Morrison forms Polaris APAC cold chain platform

Morrison forms Polaris APAC cold chain platform

Morrison has created Polaris to scale APAC cold storage assets. The platform follows the acquisition of Singapore-based SuperFreeze and its automated Tuas facility, targeting food and pharma logistics demand in import-dependent markets facing tight modern-capacity supply.


IN Brief:

  • Institutional capital is moving deeper into APAC temperature-controlled logistics and storage capacity.
  • Polaris is seeded with SuperFreeze Singapore, including the automated SuperFreeze Tuas facility.
  • The platform is targeting scalable, automated cold chain sites across food and pharmaceutical flows.

Infrastructure investor Morrison Global has established an Asia-Pacific cold chain platform, Polaris, following the acquisition of Singapore-based cold chain logistics provider SuperFreeze. The deal includes SuperFreeze Tuas, an automated cold storage facility in Tuas, and gives the platform an operating base in a market where cold storage demand is driven by imported food volumes and transhipment activity, while land constraints limit the pace of new capacity build.

Singapore’s cold chain dynamics are unusually structural. Imported food requires refrigerated staging and distribution capacity, while pharmaceuticals and temperature-sensitive healthcare products add higher-value, compliance-heavy volume. At the same time, industrial land allocation and development constraints have helped sustain a shortage of modern, automated facilities, pushing operators towards higher-density designs and more aggressive energy management to keep unit economics workable.

Morrison has described demand for highly automated cold chain capacity as continuing to outpace supply across the region. “With demand for highly automated cold-chain capacity continuing to outpace supply across the Asia-Pacific region, our investment in SuperFreeze positions us to help close that gap,” said William Smales, Partner and Chief Investment Officer at Morrison.

Polaris will be led by Troy Shortell as CEO, with Morrison indicating a platform strategy rather than a single-asset hold. For operators, the cold chain scaling challenge is less about the first site and more about repeatability: developing a facility blueprint that can be deployed in multiple markets, integrating automation into freezer and chilled environments, and maintaining high system uptime where temperature excursions translate into product loss, regulatory breach, or both.

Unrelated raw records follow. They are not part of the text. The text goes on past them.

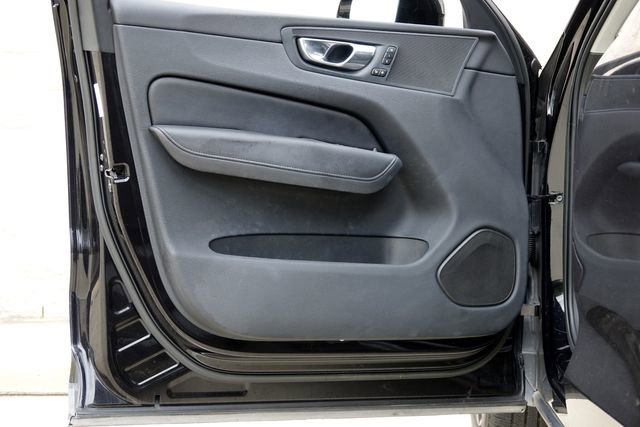 Used 2023 Volvo XC60 B5 Plus image 25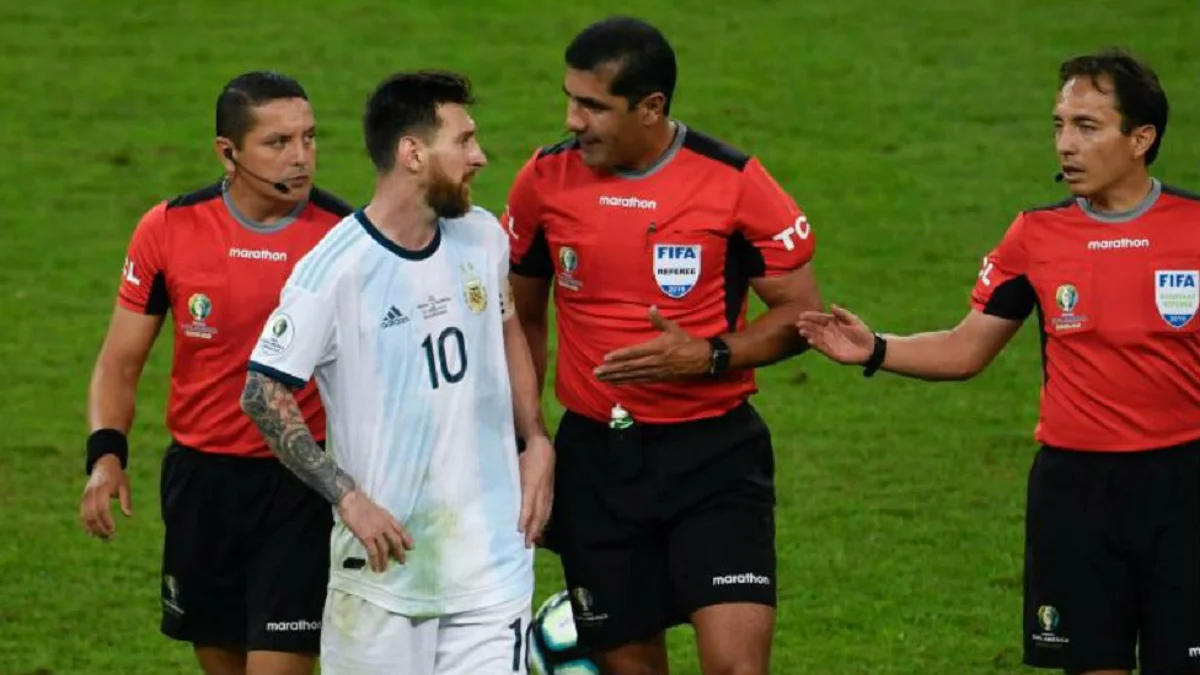 Месси спорит с арбитрами / Marca
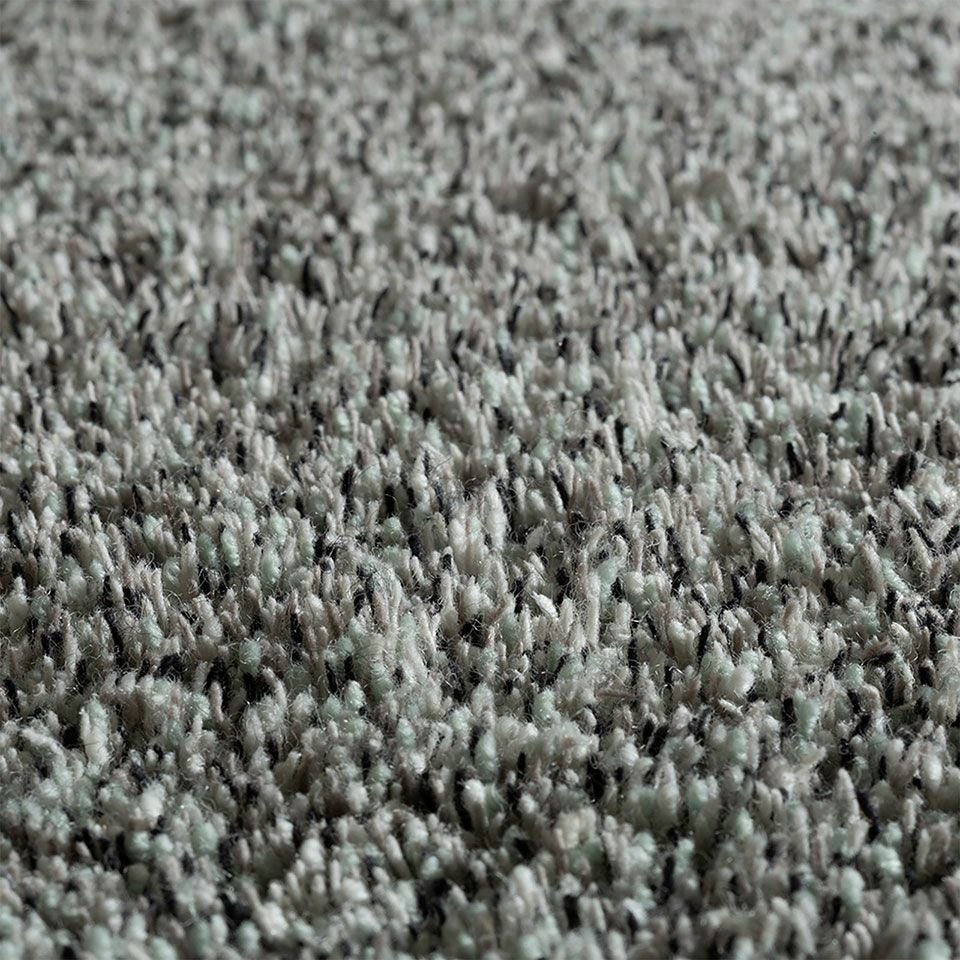 草原の草木が風になびくすがたを表現しました／カラー：ライトグレー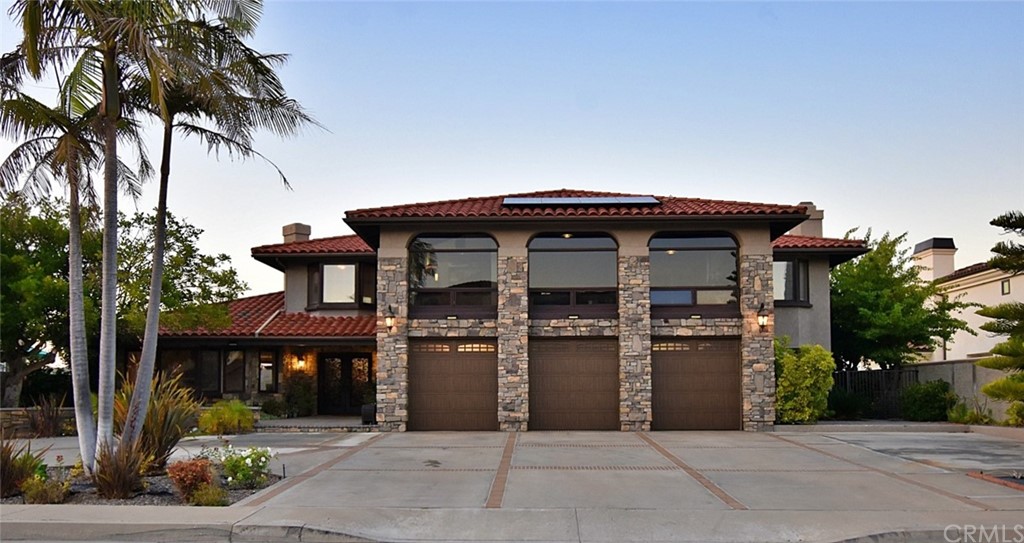 Welcome to 868 Avenida Acapulco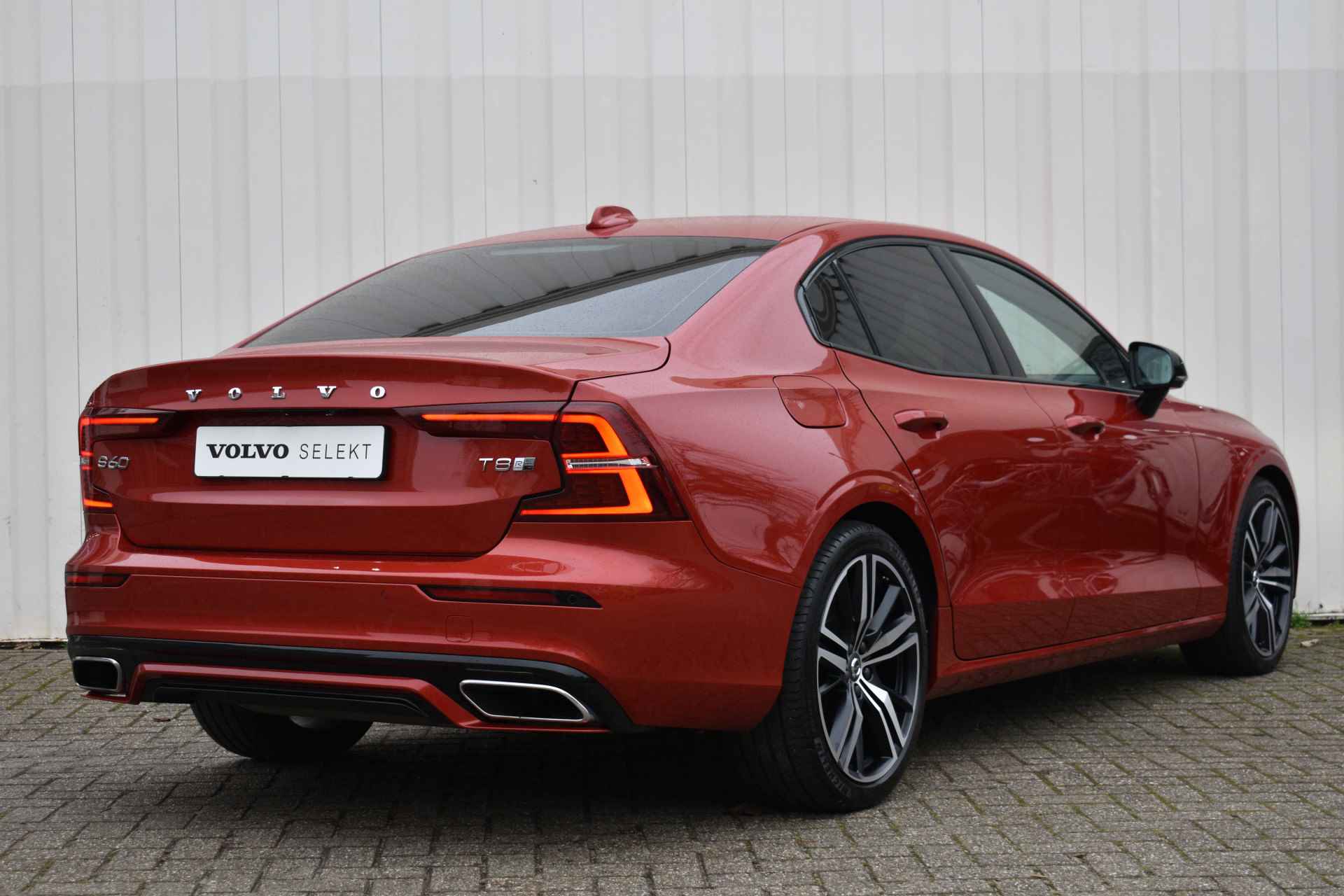 Volvo S60 Recharge T8 390PK AWD R-Design | Harman/Kardon | Camera | Keyless | Stuurverwarming - 43/43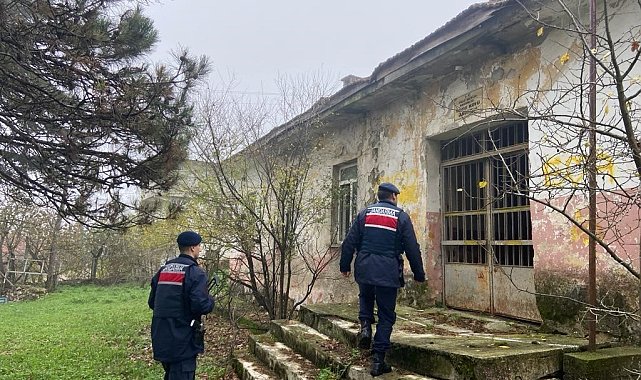 Bursa'da jandarma aranan 18 şahsı yakaladı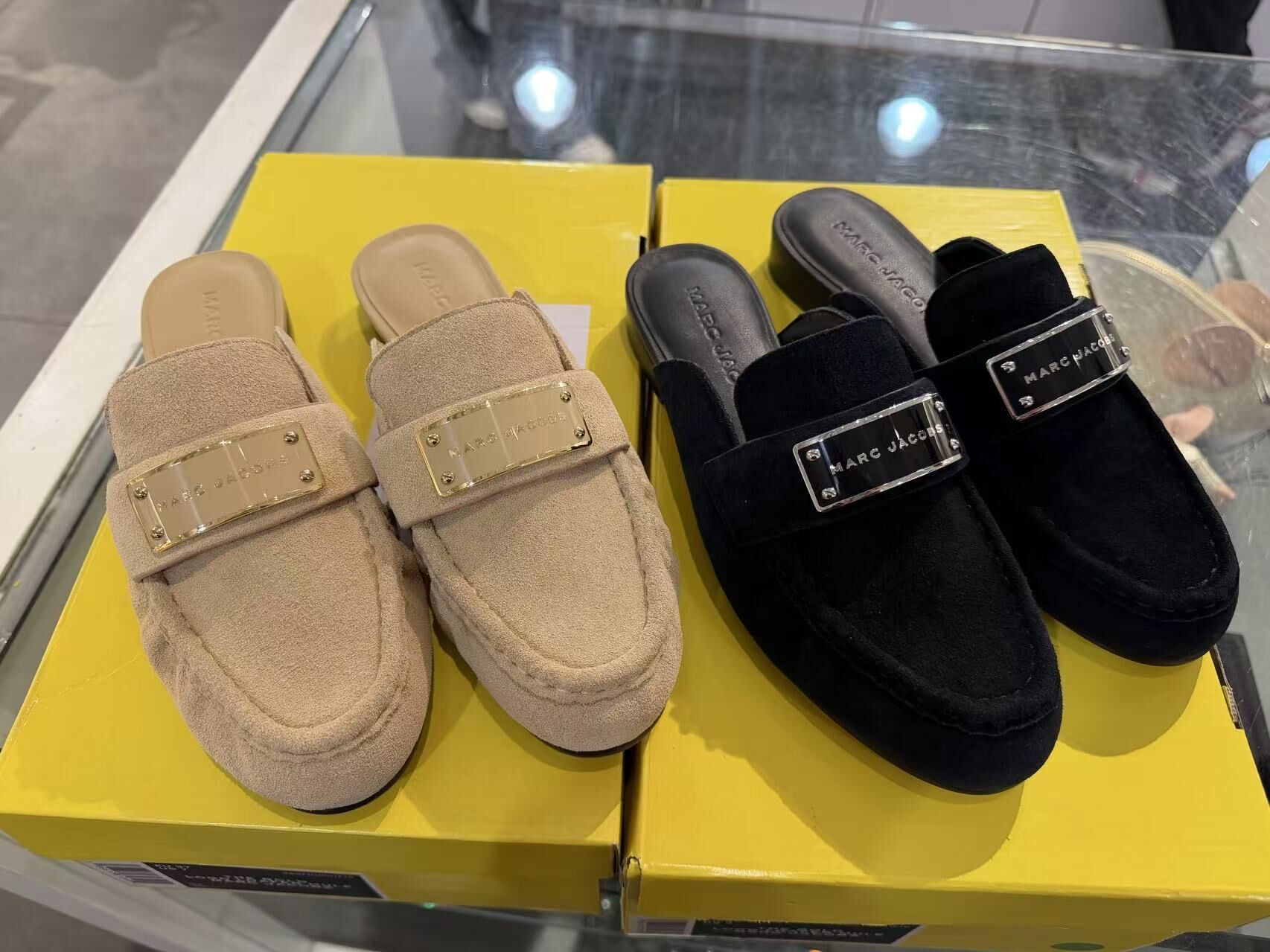 【直播】Marc Jacobs LX100243 絨面麂皮穆勒鞋
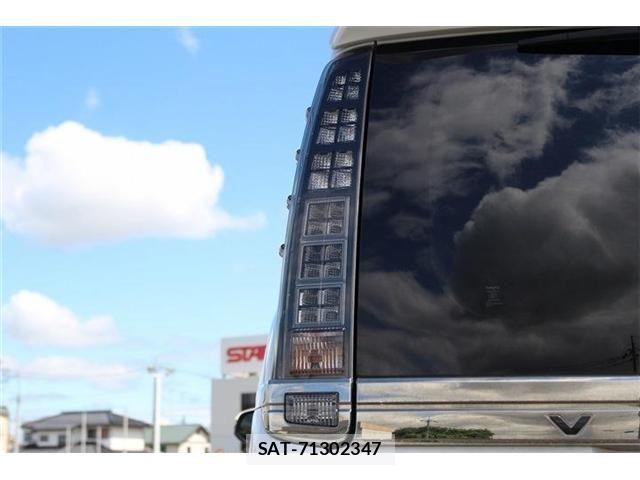 Toyota VOXY 2016-08 7621227-28
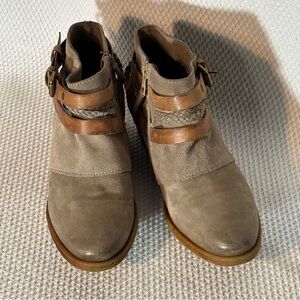 MIZ MOOZ Sz 39 Taupe Ankle Boots with Buckle Detail and Braid Zipper Closure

SuperFreeze’s Tuas site provides a starting point aligned with that model, combining automation with a facility profile suited to land-constrained industrial zones. Morrison has also linked the platform to sustainability objectives, with the operational focus including high-efficiency refrigeration and distributed energy systems designed to reduce carbon impact while keeping performance consistent for customers moving frozen food, chilled lines, and pharmaceutical product.

The broader APAC cold chain market remains fragmented, with a mix of local specialists and legacy operators sitting alongside a growing number of automated builds. Consolidation is being pulled forward by the same forces that have reshaped ambient warehousing: tighter service expectations, labour scarcity, higher compliance burdens, and rising energy costs that favour newer facilities with better insulation, control systems, and maintenance regimes.

For Morrison, the near-term operational task is straightforward: keep Tuas running at high availability while proving that a platform approach can translate into a build-and-buy pipeline across multiple jurisdictions. For shippers, the test is whether new capacity comes with stronger service performance — fewer temperature events, better slot reliability, and cleaner handover data — rather than simply a higher-tech version of the same bottlenecks.